The lines to reproduce run from the one containing "In some applications" through the end of the records below. Reproduce them exactly and add nothing.

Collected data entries

○ ○ ○ ○

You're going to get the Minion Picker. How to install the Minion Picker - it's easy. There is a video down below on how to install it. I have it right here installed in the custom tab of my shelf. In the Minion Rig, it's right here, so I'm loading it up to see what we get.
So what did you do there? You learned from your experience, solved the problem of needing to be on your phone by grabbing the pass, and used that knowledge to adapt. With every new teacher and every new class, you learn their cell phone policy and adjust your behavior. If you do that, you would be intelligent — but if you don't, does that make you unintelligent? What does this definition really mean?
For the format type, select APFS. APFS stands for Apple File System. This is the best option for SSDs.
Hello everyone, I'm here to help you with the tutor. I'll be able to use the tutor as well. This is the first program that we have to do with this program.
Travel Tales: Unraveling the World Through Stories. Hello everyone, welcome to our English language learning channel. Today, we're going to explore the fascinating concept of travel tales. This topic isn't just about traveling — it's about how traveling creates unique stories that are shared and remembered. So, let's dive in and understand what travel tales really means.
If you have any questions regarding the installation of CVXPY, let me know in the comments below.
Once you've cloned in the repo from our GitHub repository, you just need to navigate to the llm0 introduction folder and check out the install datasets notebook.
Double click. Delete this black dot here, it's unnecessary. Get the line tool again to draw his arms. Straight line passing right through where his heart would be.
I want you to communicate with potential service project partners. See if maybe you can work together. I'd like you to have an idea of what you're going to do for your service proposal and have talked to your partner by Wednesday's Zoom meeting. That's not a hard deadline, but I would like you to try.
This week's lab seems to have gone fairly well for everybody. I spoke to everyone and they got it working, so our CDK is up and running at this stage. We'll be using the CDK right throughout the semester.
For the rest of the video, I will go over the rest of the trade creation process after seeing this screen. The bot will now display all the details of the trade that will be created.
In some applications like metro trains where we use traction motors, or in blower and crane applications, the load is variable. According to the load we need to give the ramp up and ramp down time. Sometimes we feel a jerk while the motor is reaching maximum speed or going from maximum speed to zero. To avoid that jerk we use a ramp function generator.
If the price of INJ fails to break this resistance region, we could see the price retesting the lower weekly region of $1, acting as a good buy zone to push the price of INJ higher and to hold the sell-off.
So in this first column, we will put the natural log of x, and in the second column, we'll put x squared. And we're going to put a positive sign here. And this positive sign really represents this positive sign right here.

○ ○ ○ ○

▸ ANSWER FOR THE TASK:
In some applications like metro trains where we use traction motors, or in blower and crane applications, the load is variable. According to the load we need to give the ramp up and ramp down time. Sometimes we feel a jerk while the motor is reaching maximum speed or going from maximum speed to zero. To avoid that jerk we use a ramp function generator.
If the price of INJ fails to break this resistance region, we could see the price retesting the lower weekly region of $1, acting as a good buy zone to push the price of INJ higher and to hold the sell-off.
So in this first column, we will put the natural log of x, and in the second column, we'll put x squared. And we're going to put a positive sign here. And this positive sign really represents this positive sign right here.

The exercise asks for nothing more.